Why Kirby Smart wants athletes, schools to sign mutually binding contracts

Kirby Smart joined The Steakhouse on Thursday to discuss the current state of college athletics and whether contracts could play a focal role in the near future.

They say the only constant in life is change. Sure, it’s corny, but it’s the only consistent thing in this era of college football. From Name, Image and Likeness and transfer portal activity to unprecedented coaching contracts and conferences dissolving overnight, we live in an uncertain time where it feels like every new week could bring a new sport-altering decision.

Could the next one be a collectively bargained world college athletics?

Georgia head coach Kirby Smart was on with The Steakhouse on Thursday morning. They discussed the current state of college football and what steps could be taken to protect both the athletes and the programs.

“The situation that college football is in is having its effect on coaches as a whole, and indirectly it’s affecting kids,” Smart told The Steakhouse. “I don’t know, right now, that we’re in the right place when guys can transfer twice, and they can go two times per year. As coaches, we just want to know what our rosters are going to look like for a year. I don’t think there’s any coach that’s saying kids shouldn’t be able to transfer or make any money. That’s all out there and that’s a good thing when it’s used the right way. It’s just unfortunate that it’s gone as far as it has.”

This feels like a radical notion, but every professional sport has some form of collective bargaining. College athletics, especially football and basketball, have effectively entered that realm. If done correctly, it would provide standard protections to both players and the programs they play for. As of the writing of this piece, there is no such agreement and that’s why we have the Wild West in terms of “pay-for-play” or unlimited transfers.

Just last fall, athletic directors went to Capitol Hill to discuss the next steps in these issues and numerous new pieces of legislation have emerged, but we remain at a crossroads.

Contracts between the athletes and the schools or conferences they play for feel like a logical next step in this process. Kirby Smart alluded to that with his comments to The Steakhouse.

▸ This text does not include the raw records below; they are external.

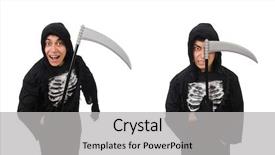  Presentation with ghost - Presentation having ghost characters - young man with scythe background and a light gray colored foreground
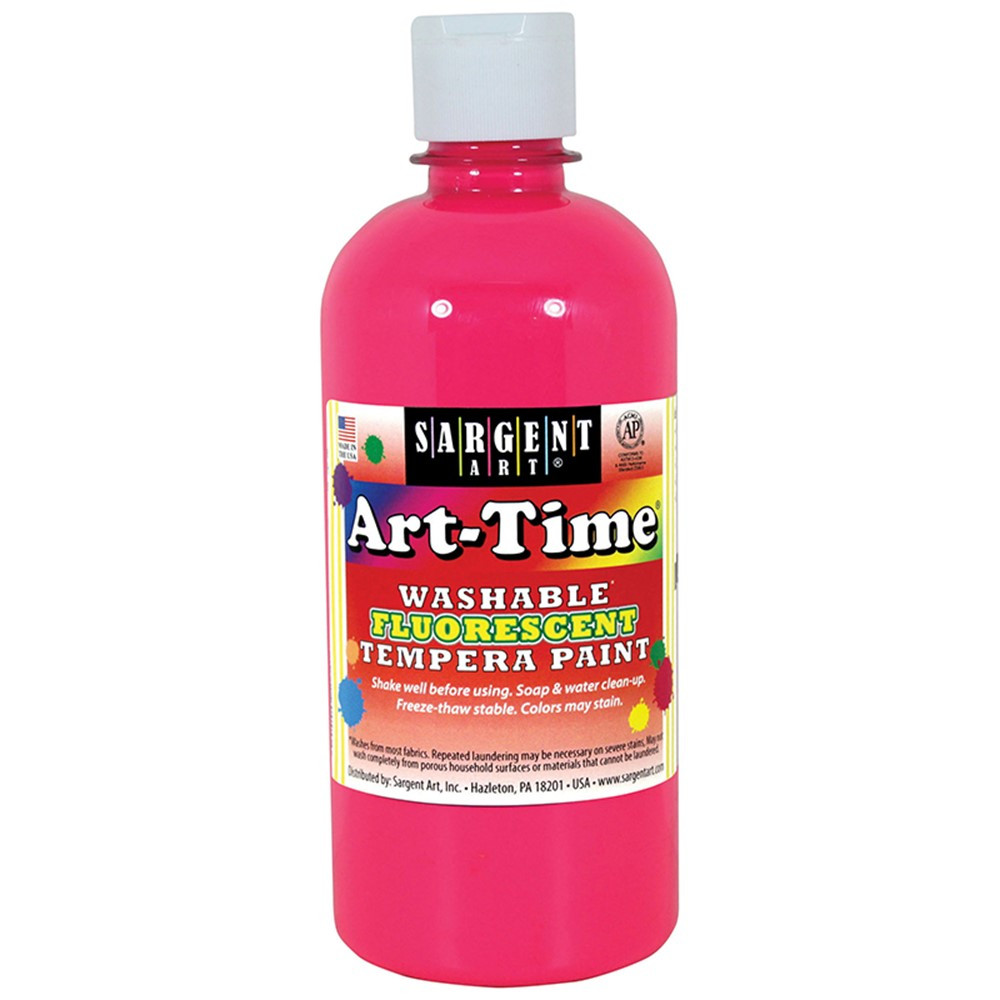 SAR174729 - Arttime Fluorescent Paint 16 Oz Pnk Washable Tempera in Paint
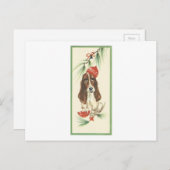 ヴィンテージクリスマスバセットハウンドカード シーズンポストカード (正面/裏面)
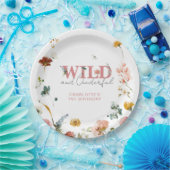 Wild & Onederful Bloemen Roze Meisje 1e Verjaardag Papieren Bordje (Feest)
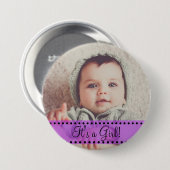 Baby Girl Name and Foto Magnet Lila Personalize Button (Vorne & Hinten)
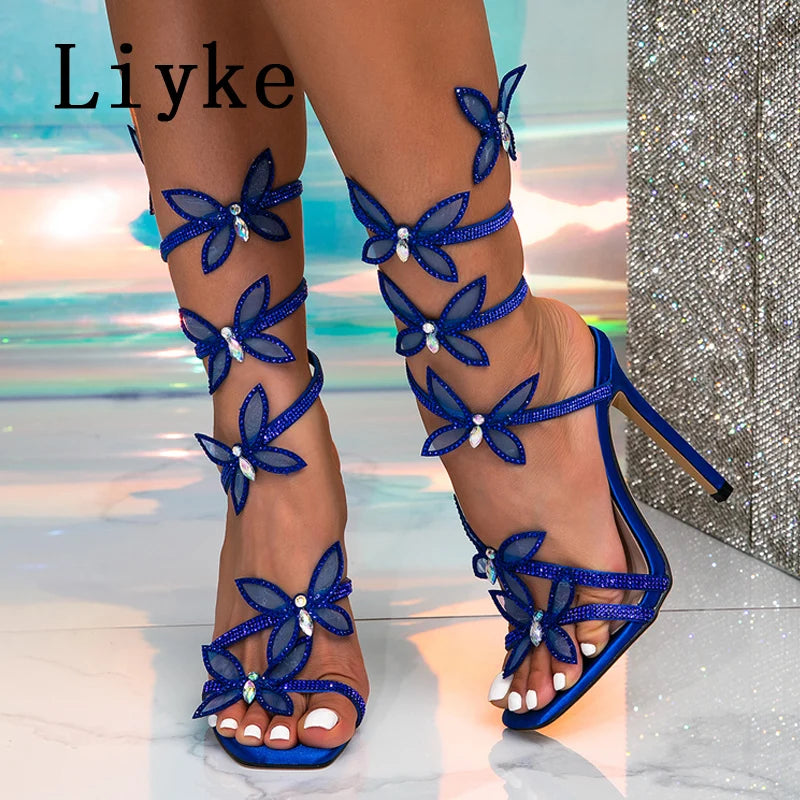 Glitter Rhinestones Square Toe Butterfly Sandals for Women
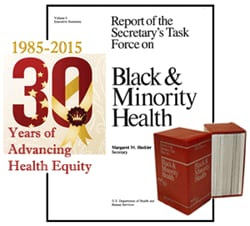 Logo: Report of the Secretary's Task Force on Black and Minority Health - 30 Years of Advancing Health Equity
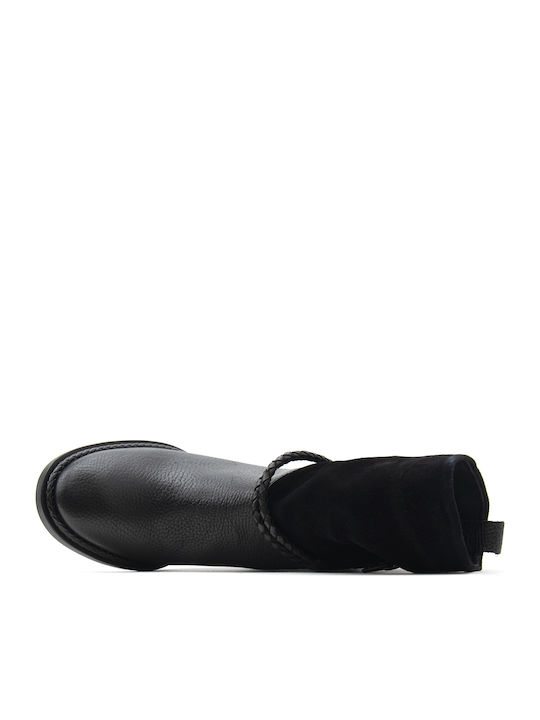 Leder Damen Stiefeletten Knöchel Schwarz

“I would be really comfortable if a kid just checked the box before he came to school and said, ‘I'm going to be a student athlete on scholarship and I get to keep my scholarship for four or five years’ or if a kid said, ‘I want to come in and have NIL -- which is really pay for play now -- but I also can lose that and be terminated’.”

Smart continued, “You know, most kids would choose the NIL path, but you would have 15 or 20 kids a year that would say, you know what, I'll go and take a full ride and then take my scholarship and say I'll make a commitment to stay there two, maybe three, years [and] can’t transfer for those two to three years. Then after you've been in the program two to three years, feel free to go past the eligibility somewhere else.”

In 2024, we will see conference expansion that was previously unthinkable, the College Football Playoff field expands from four to 12, and television deals that reach the billion-dollar mark will be in full effect.

Legal employment of athletes is still likely years away, but it feels like we’re on that path and it’s only a matter of time when, not if, we fully reach that new era of college athletics.